The contour plots in Fig. 15a–c illustrate the combined effects of two process parameters on the hardness of PLA composites reinforced with CCB, while keeping the other parameters constant. In Fig. 15a, the interaction between composition and injection speed reveals that hardness steadily increases as the CCB content exceeds 6%, reaching maximum values above 70 HV (indicated by dark red regions) at around 9–10% composition, largely independent of injection speed. Most of the lower composition region remains in light pink shades, representing hardness values below 50 HV. Figure 15b shows the combined effect of composition and injection pressure, where hardness values greater than 70 HV are achieved when the composition exceeds 8% and the injection pressure is maintained between 40 and 50 bar. In contrast, areas with composition below 6% consistently record hardness values under 50 HV. Similarly, Fig. 15c illustrates the interaction between composition and temperature, indicating that hardness exceeds 70 HV when the CCB content is above 8% and the processing temperature ranges between 140 °C and 150 °C. The color gradient, shifting from light pink (< 40 HV) to dark red (> 70 HV), consistently demonstrates that increasing CCB content has a pronounced positive effect on hardness across all processing conditions.
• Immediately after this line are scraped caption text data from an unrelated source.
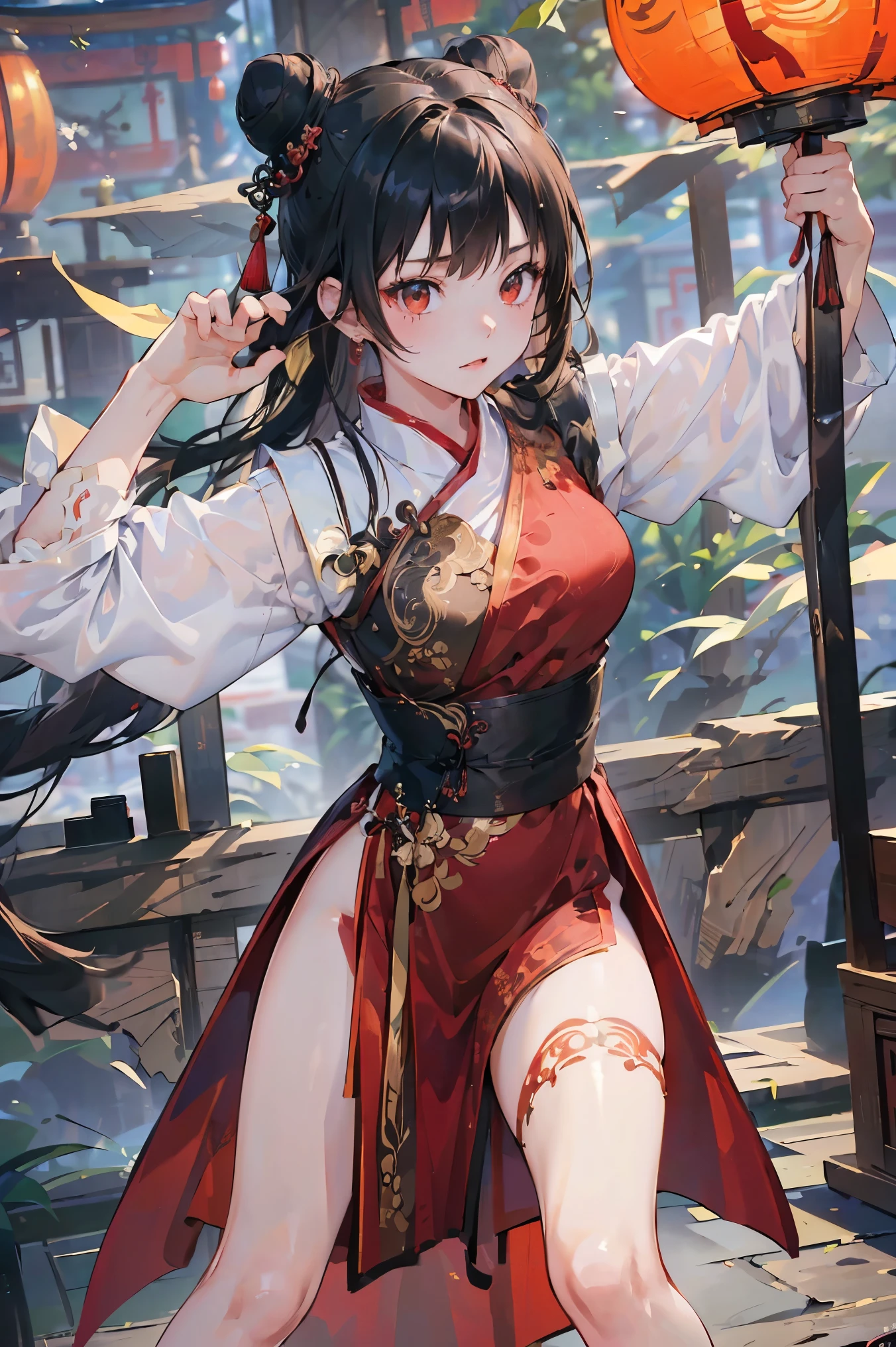 (((Best quality, 8k, Masterpiece: 1.3)), ((best quality)), ((masterpiece)), (detailed), perfect face, perfect body, (detailed skin:1.3), (intricate details), A skilled young martial artist stands poised in a dynamic kung fu stance, dressed in an elegant, high-slit red cheongsam with intricate gold embroidery. Her jet-black hair is styled into neat twin buns, giving her a focused yet stylish appearance. The scene is set in a traditional Chinese courtyard with red lanterns and ornate wooden architecture, bathed in the warm glow of sunset. Her expression is sharp and determined, exuding confidence and discipline. The fabric of her dress flows slightly with her movement, emphasizing her grace and mastery of kung fu.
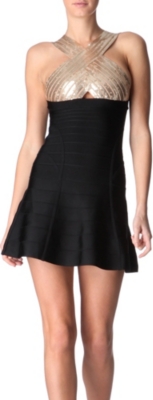 HERVE LEGER Sequinned bandage dress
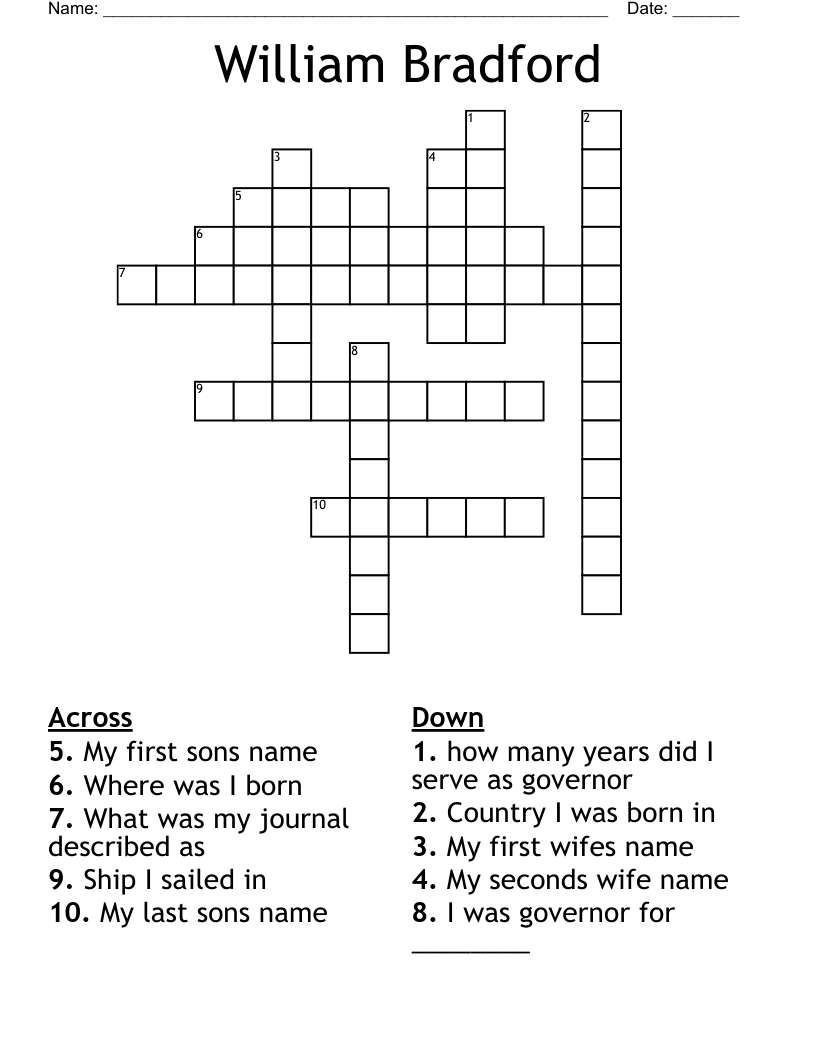 William Bradford Crossword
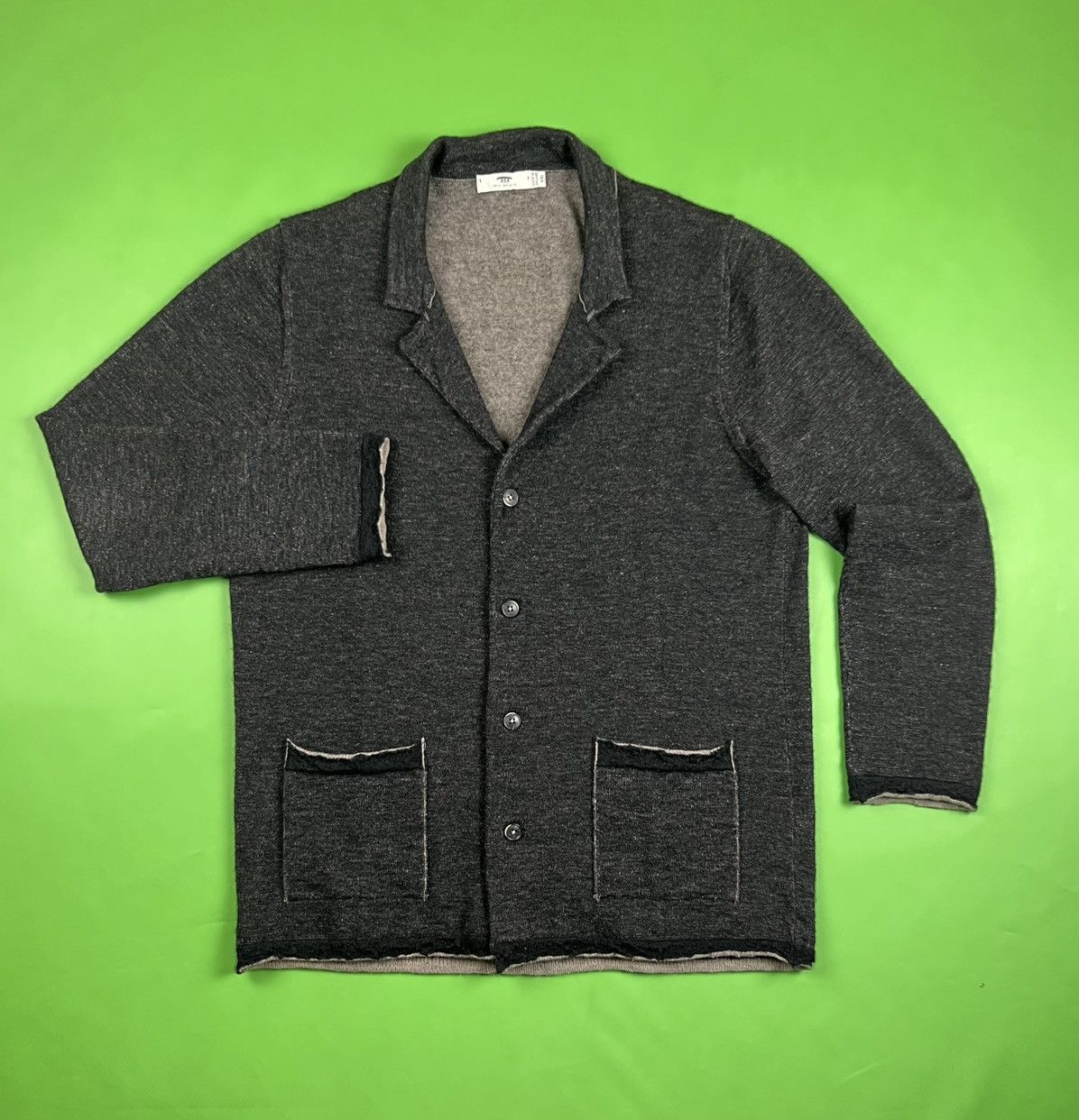 image of Inis Meain Wool Knit Sweater / Jacket Made In Ireland in Dark Grey, Men's (Size XL)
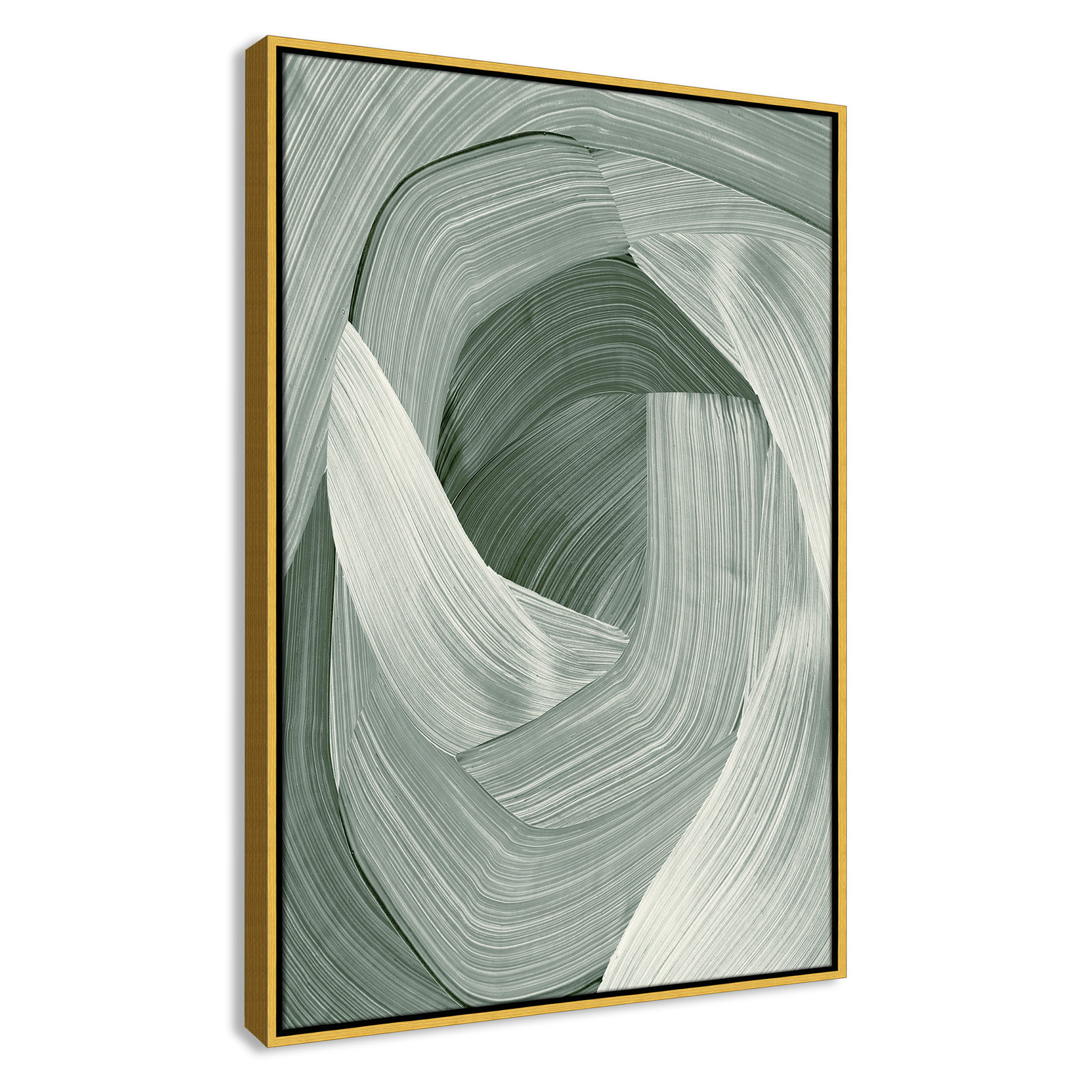Enriched Emerald - Floater Frame Graphic Art Print on Canvas, Gold , 37.5" H x 25.5" W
Additionally, optimized ranges of injection speed, pressure, and temperature further enhance the material’s hardness performance, reinforcing the role of composition as the most dominant influencing factor.

Fig. 16
figure 16

Interaction plot for hardness.

Figure 16 presents the interaction plots, illustrating how composition, temperature, injection speed, and injection pressure collectively influence the hardness of PLA/CCB composites. In the plot comparing temperature and composition, hardness increases consistently with both parameters. At 155 °C, raising the composite content from 0% to 10% results in a sharp rise in hardness from approximately 40 HV to nearly 80 HV, indicating a strong synergistic interaction between these two factors. In contrast, the plot for injection speed versus injection pressure displays a more complex relationship. Peak hardness is achieved at an injection speed of 60 mm/s and an injection pressure of 40 MPa, while other combinations produce more varied and less predictable responses. The presence of intersecting and non-parallel lines across the interaction plots confirms that the effect of one process parameter is highly dependent on the levels of the others. These trends emphasize that maximizing the hardness of PLA/CCB composites requires a simultaneous and balanced optimization of all processing parameters, rather than adjusting them in isolation.

Machine learning

Tensile strength

Figure 17a–e compares the experimentally measured tensile strength values of PLA/CCB composites with predictions from various machine learning models, including Linear Regression, Support Vector Regression (SVR), Random Forest Regression, Gradient Boosting, and Extreme Gradient Boosting (XG-Boost). In each plot, colored dots represent the model’s predicted values, while a 45° reference line indicates perfect prediction accuracy. In Fig. 17a, the Linear Regression model, represented by blue dots, shows considerable deviations from the ideal line, reflecting its limited ability to capture the non-linear relationships within the data. This is further supported by its low R2 value of 0.7965 and high error metrics: MSE of 76.53, RMSE of 8.75, MAE of 7.79, and MAPE of 69.87%. Figure 17b depicts the performance of the SVR model, shown with green dots. Here, predictions align more closely with the diagonal line, although some dispersion remains at the data extremes. The model delivers a significantly improved R2 of 0.9829, with reduced errors: MSE of 6.45, RMSE of 2.54, MAE of 1.98, and MAPE of 18.68%. In Fig. 17c, the Random Forest model, represented by purple dots, displays even tighter clustering along the reference line, indicating further enhancement in prediction accuracy. It achieves an R2 of 0.9857, MSE of 5.38, RMSE of 2.32, MAE of 1.64, and MAPE of 13.92%. Figure 17d presents the Gradient Boosting model, shown with orange dots, where predictions are closely aligned with the ideal line, reflecting excellent accuracy and generalization. This model records an R2 of 0.9878, MSE of 4.60, RMSE of 2.15, MAE of 1.19, and MAPE of 6.67%. Figure 17e illustrates the XG-Boost model’s performance, with red dots almost perfectly aligned along the 45° line. It matches the performance of Gradient Boosting with an R2 of 0.9878, MSE of 4.60, RMSE of 2.15, MAE of 1.19, and MAPE of 6.67%, confirming its exceptional predictive capability. Overall, these results highlight that ensemble-based models, particularly Gradient Boosting and XG-Boost deliver superior prediction accuracy and reliability for estimating tensile strength, outperforming simpler models like Linear Regression and SVR.

Fig. 17
figure 17

Comparison of actual vs. predicted tensile strength using machine learning models (a) linear regression; (b) support vector regression (SVR); (c) random forest; (d) gradient boosting; (e) XG-boost.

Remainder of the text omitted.